Our hired tour guide for the trip was a very kind British man, who happened to be an Atheist. To his eternal credit, he graciously allowed us to debate with him on matters of theology, evolution and morality as much as we wished (in fact I missed watching the train go under the English Channel because I was absorbed in one of these debates, but that's another story). We covered a lot of topics, but the one that will probably remain with me the longest was one that took place in the Paris train station. We were sitting on plastic chairs, waiting for our signal to go, and somehow the subject of morality came up.
Our point was simply this. If you put God out of the equation, who determines what is right or wrong? For instance, there would be no reason why I couldn't go up and murder whomever I pleased. Our guide's answer was that murder was still wrong because the government decreed it so.
I think our tour guide ought to read Lewis.
In Chapter Three, Lewis discusses the difference between scientific laws and the Moral Law.
“There [are] two odd things about the human race. First, that they [are] haunted by the idea of a sort of behaviour they ought to practise, what you might call fair play, or decency, or morality, or the Law of Nature. Second, that they did not in fact do so.”
He goes on to explain that a scientific law is a law of what happens, what must always happen in certain situations. However, humans do not always follow the Moral Law even though they all know it exists.
“The law of gravity tells you what stones do if you drop them; but the Law of Human Nature tells you what human beings ought to do and do not.”
This isn't a law that we make up, it's a law that we know, yet it's not a law we always follow. It's not scientific, it's not cultural... it's an expectation that we're inborn with.
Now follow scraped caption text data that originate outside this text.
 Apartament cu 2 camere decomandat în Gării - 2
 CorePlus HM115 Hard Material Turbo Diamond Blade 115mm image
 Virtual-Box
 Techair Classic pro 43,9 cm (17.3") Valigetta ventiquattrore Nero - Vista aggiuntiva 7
“If we ask: 'Why ought I to be unselfish?' and you reply 'Because it is good for society,' we may then ask, 'Why should I care what's good for society except what happens to pay me personally?' and then you will have to say, 'Because you ought to be unselfish' – which simply brings us back to where we started.”
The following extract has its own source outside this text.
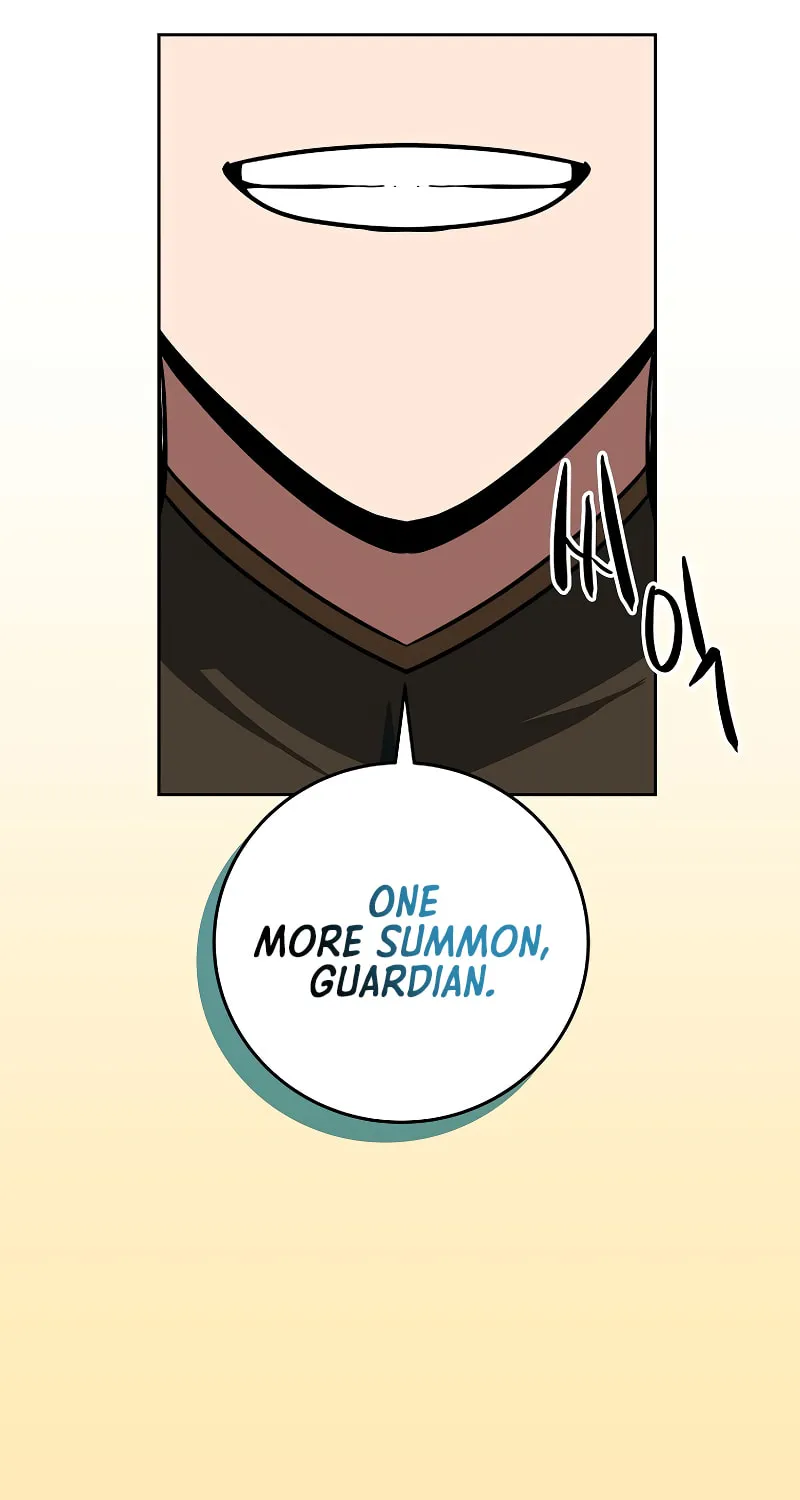 Grand Warlock Streamer Chapter 85 page 109 -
An unwinnable argument? Only if there is not something more... which we have already extablished that there is. The Moral Law exists and it tells us that we ought to be unselfish.
Where does this law come from?
Keep reading...
3 comments:
Huh. Thinking on it now, that's a rather weak argument. It leads to the presumption that the reason government officials are in power is that they know how best to keep society stable.
Which leads to the corollary that a government is justified in changing the laws in any fashion to keep society stable.
Which is a bit frightening.
Exactly. It was a weak and rather terrifying argument and I brought it up to underline what Lewis was saying. If Moral law doesn't exist, then anything is permissible. But it clearly does exist, which mean there is a moral code that all humans should be held to, regardless of what the government says.
You've got to love Lewis! He so clearly describes the human conscience. And uses it to prove God using pure logic.